Tip O'Neill, Powerful Democratic Speaker of the House

Skilled Legislative Leader Famously Said "All Politics Is Local"

House Speaker Tip O'Neill talking to press upon arriving
House Speaker Tip O'Neill talking to press upon arriving at the Capitol October 1, 1983. Time & Life Pictures/Getty Images / Getty Images

Thomas "Tip" O'Neill was the powerful Democratic Speaker of the House who became the adversary and negotiating partner of Ronald Reagan during the 1980s. O'Neill, a longtime liberal congressman from Massachusetts, had previously organized opposition to Richard Nixon during the height of the Watergate crisis.

For a time O'Neill was viewed as one of the most influential people in Washington, as well as one of the most powerful Democrats in America. Revered by some as a liberal icon, he was also attacked as a villain by Republicans who portrayed him as the embodiment of big government.

Fast Facts: Thomas "Tip" O'Neill

  • Full Name: Thomas Philip O'Neill Jr.
  • Known For: Powerful Democratic Speaker of the House during Carter and Reagan administrations
  • Born: December 9, 1912, in Cambridge, Massachusetts
  • Died: January 5, 1994, in Boston, Massachusetts
  • Parents: Thomas Philip O'Neill Sr. and Rose Ann Tolan
  • Education: Boston College
  • Spouse: Mildred Anne Miller
  • Children: Thomas P. III, Rosemary, Susan, Michael, and Christopher
  • Key Accomplishments: Member of the U.S. House of Representatives for over 30 years (1953 to 1987). Opposed Reagan's policies forcefully but never bitterly. During Watergate, organized support for impeachment in House of Representatives.
  • Famous Quote: "All politics is local."
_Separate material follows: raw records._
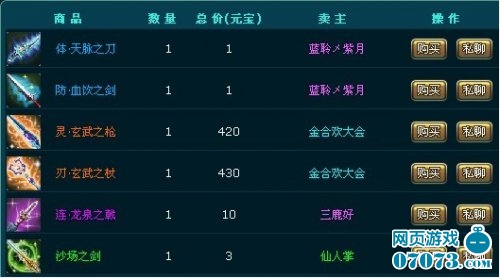 ���桶������Ĺ�ǡ��������ﾡ�ڼ����г�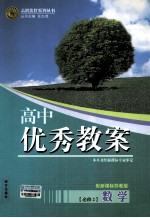 高中优秀教案数学  必修2  配新课标苏教版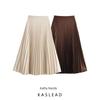 Kaslead New Arrival Women's Clothing Fashion Style Fashion Minimalist Silk Satin Texture Midi Skirt Pleated Skirt 3067401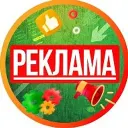 РЕКЛАМА УСЛУГ | ВАКАНСИИ | БИЗНЕСА В МАКС | МОСКВА | САНКТ-ПЕТЕРБУРГ | НОВОСИБИРСК | САМАРА | ВОРОНЕЖ | НИЖНИЙ НОВГОРОД | УФА | ЧЕЛЯБИНСК | ЕКАТЕРИНБУРГ | ПЕРМЬ | КРАСНОЯРСК | КАНАЛЫ | ПРОДВИЖЕНИЕ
O'Neill tended to navigate rough political waters with a smile, trying to avoid the bitterness that was beginning to characterize Washington in the 1980s. He urged fellow members of Congress to pay attention to the voters who had sent them to Capitol Hill, and he is remembered for his often quoted comment, "All politics is local."

When O'Neill died in 1994, he was widely praised for having been a formidable political adversary who could maintain friendships with those he opposed in tough legislative fights.

Early Life

Thomas "Tip" O'Neill was born December 9, 1912, in Cambridge, Massachusetts. His father was a bricklayer and local politician who served on the city council in Cambridge and later landed a patronage job as the city's sewer commissioner.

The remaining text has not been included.